Segment Start: SOURCE DATA

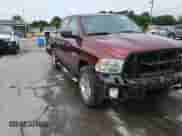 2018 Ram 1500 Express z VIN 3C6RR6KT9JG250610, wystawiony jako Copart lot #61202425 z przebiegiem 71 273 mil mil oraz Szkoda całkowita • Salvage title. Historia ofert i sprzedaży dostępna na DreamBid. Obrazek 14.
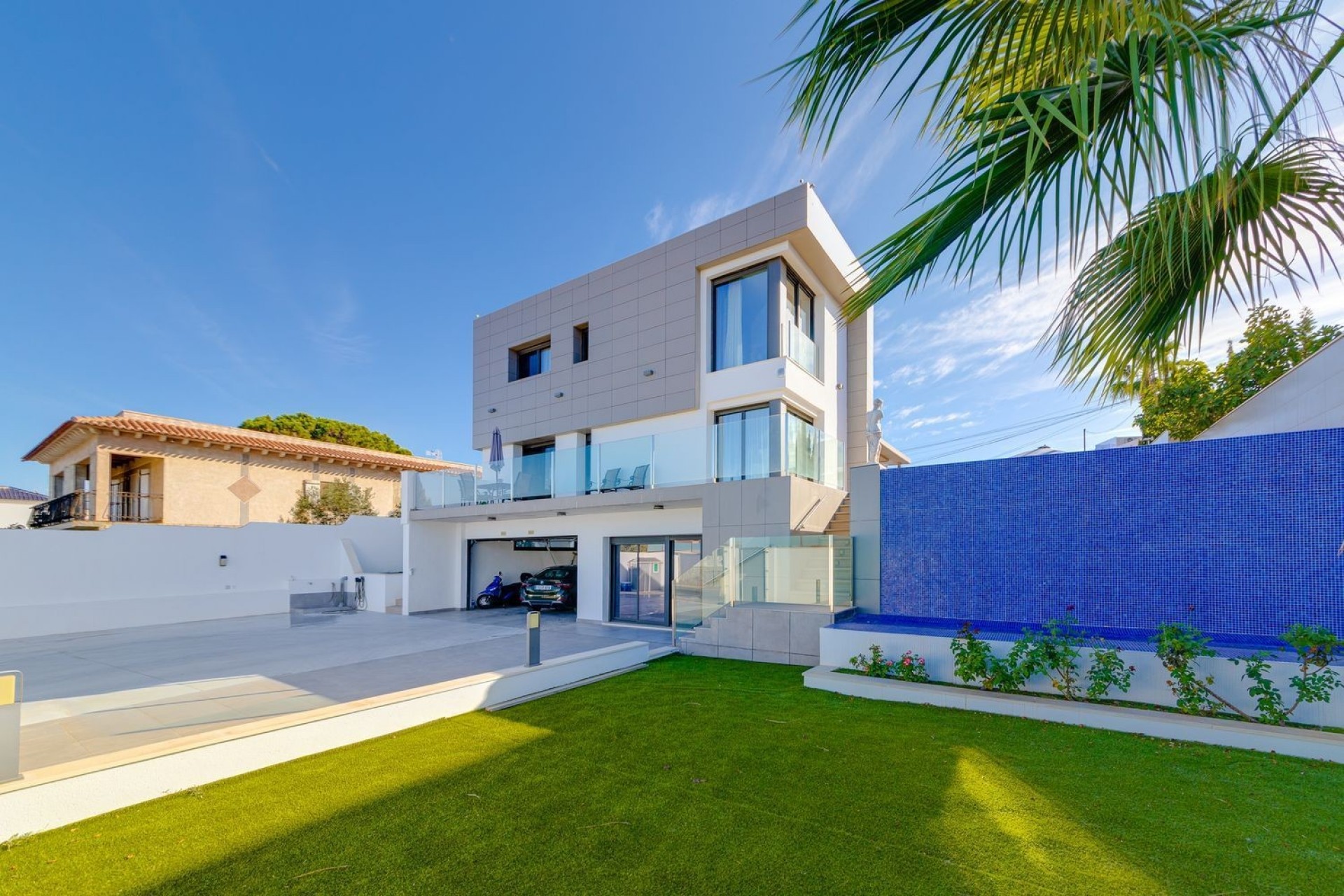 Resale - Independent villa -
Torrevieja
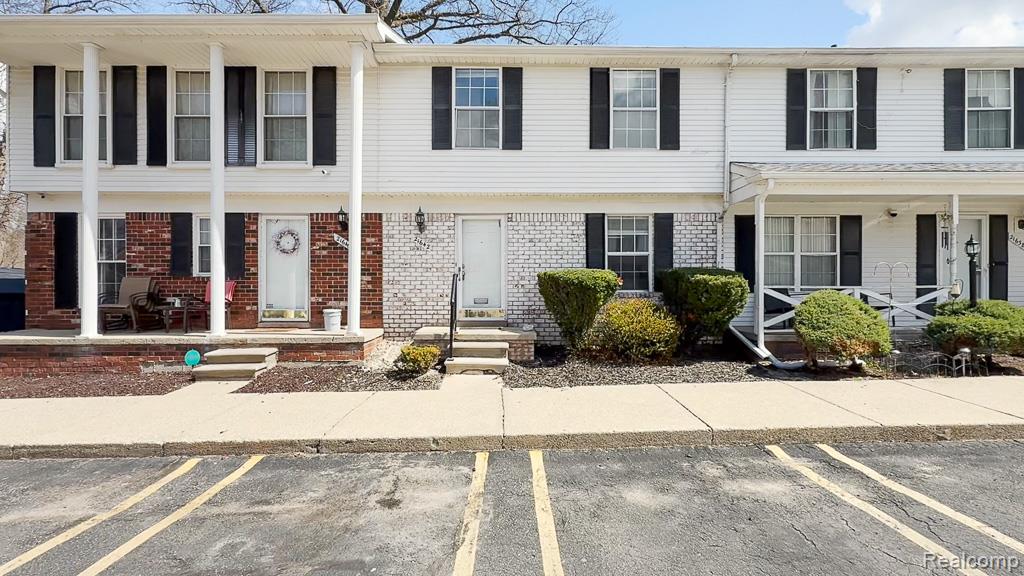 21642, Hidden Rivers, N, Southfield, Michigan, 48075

Segment End: SOURCE DATA

__INSTRUCTIONS TO FOLLOW__.
Without the pictures, repeat every line of the material above exactly.

__RESULT__.
 2018 Ram 1500 Express z VIN 3C6RR6KT9JG250610, wystawiony jako Copart lot #61202425 z przebiegiem 71 273 mil mil oraz Szkoda całkowita • Salvage title. Historia ofert i sprzedaży dostępna na DreamBid. Obrazek 14.
 Resale - Independent villa -
Torrevieja
 21642, Hidden Rivers, N, Southfield, Michigan, 48075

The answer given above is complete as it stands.